EXERCISE DESCRIPTION: Please print the listing that follows word for word, but skip any pictures it holds.

RAW DATA:
================================
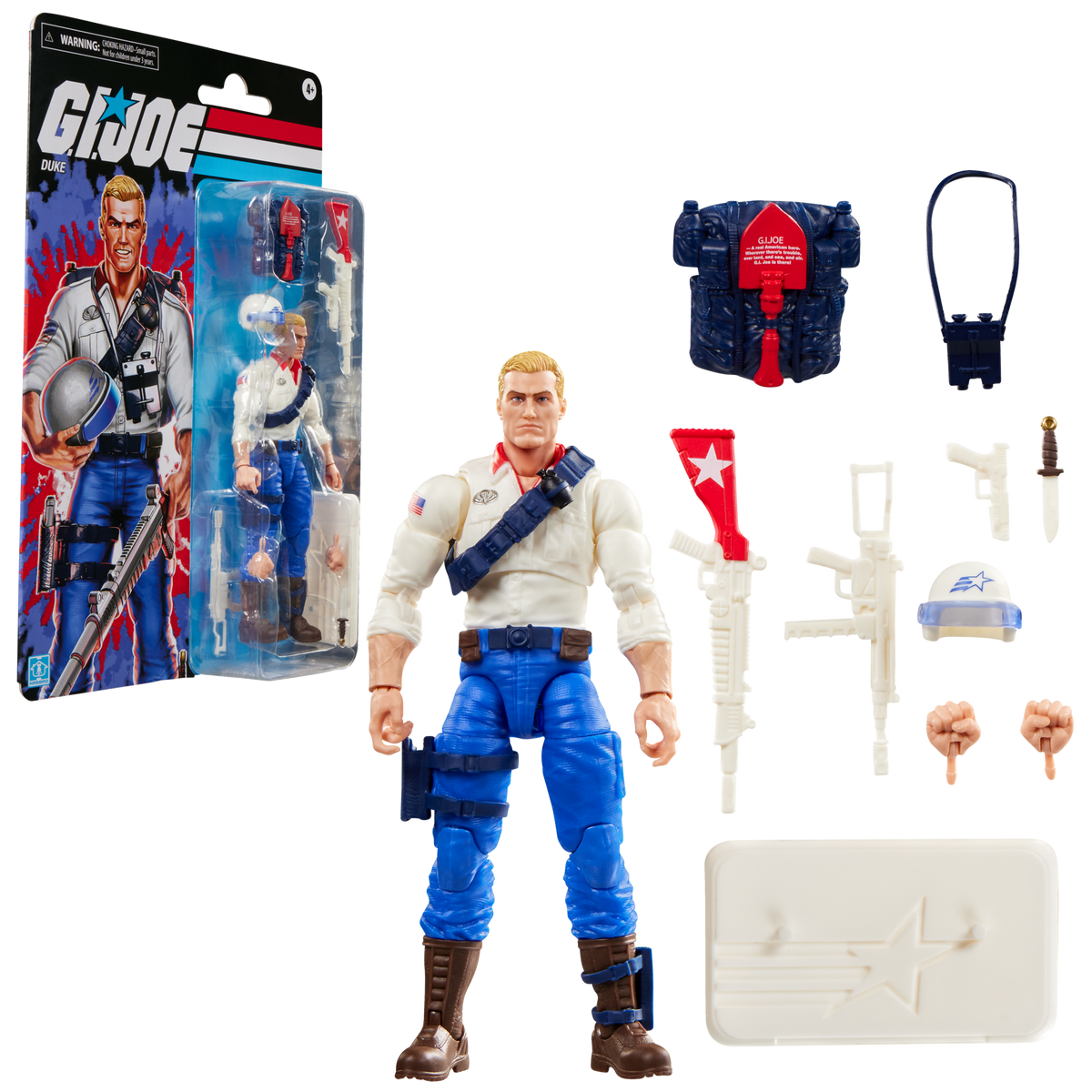 G.I. Joe Classified Series Retro Cardback USA Duke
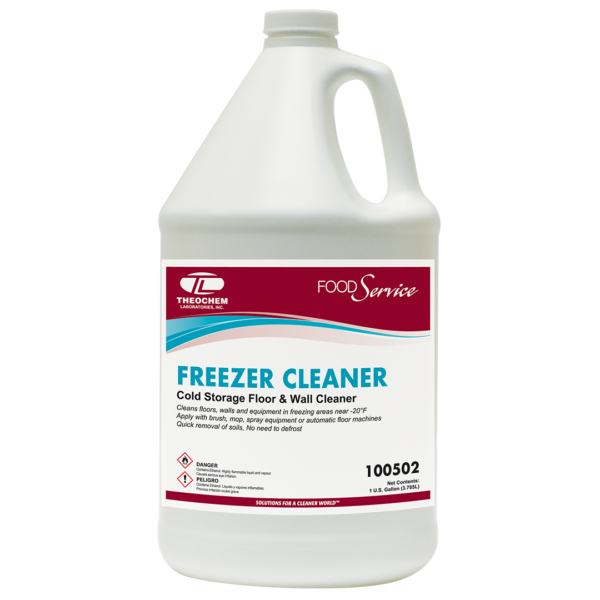 Freezer Cleaner cold storage floor & wall cleaner Theochem Food Service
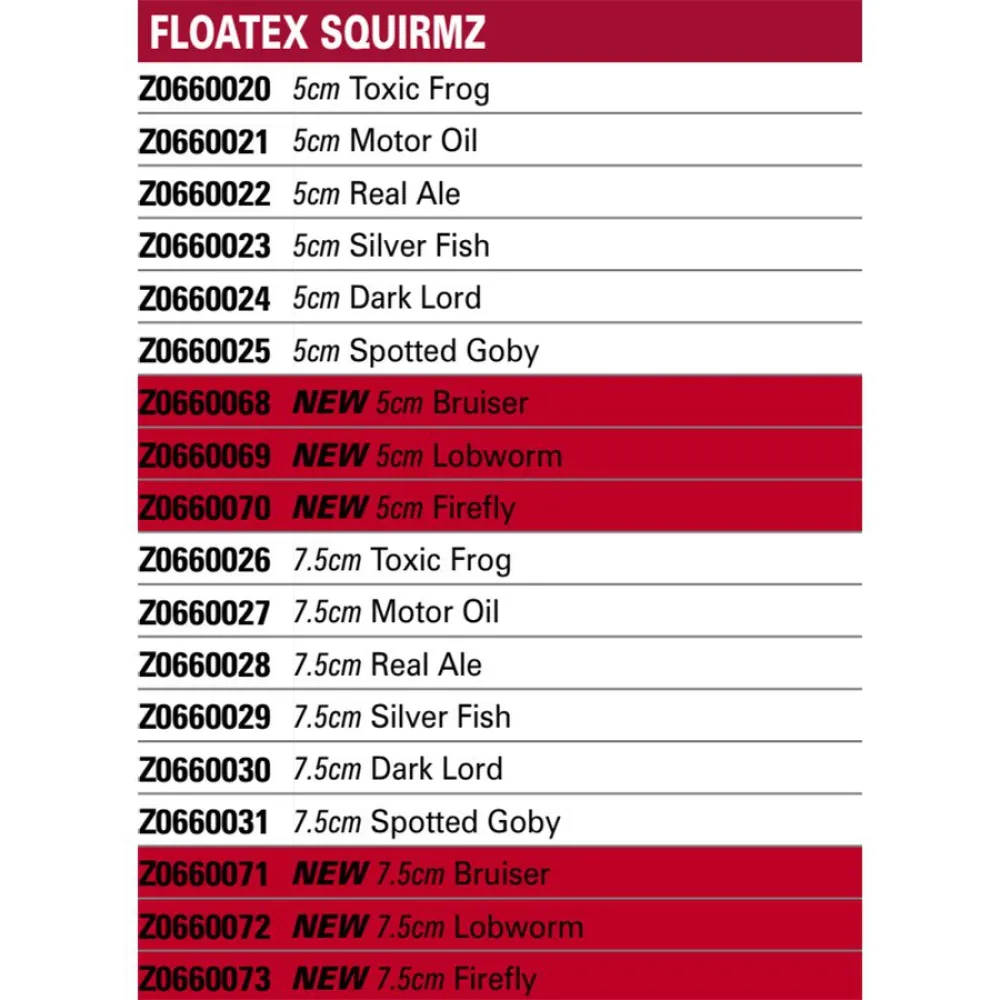 KORUM Vinilo Floatex Squirmz Floating 50 Mm 5 KORUM Vinilo Floatex Squirmz Floating 50 Mm - Imagen 3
================================
RESPONSE TO THIS EXERCISE:
 G.I. Joe Classified Series Retro Cardback USA Duke
 Freezer Cleaner cold storage floor & wall cleaner Theochem Food Service
 KORUM Vinilo Floatex Squirmz Floating 50 Mm 5 KORUM Vinilo Floatex Squirmz Floating 50 Mm - Imagen 3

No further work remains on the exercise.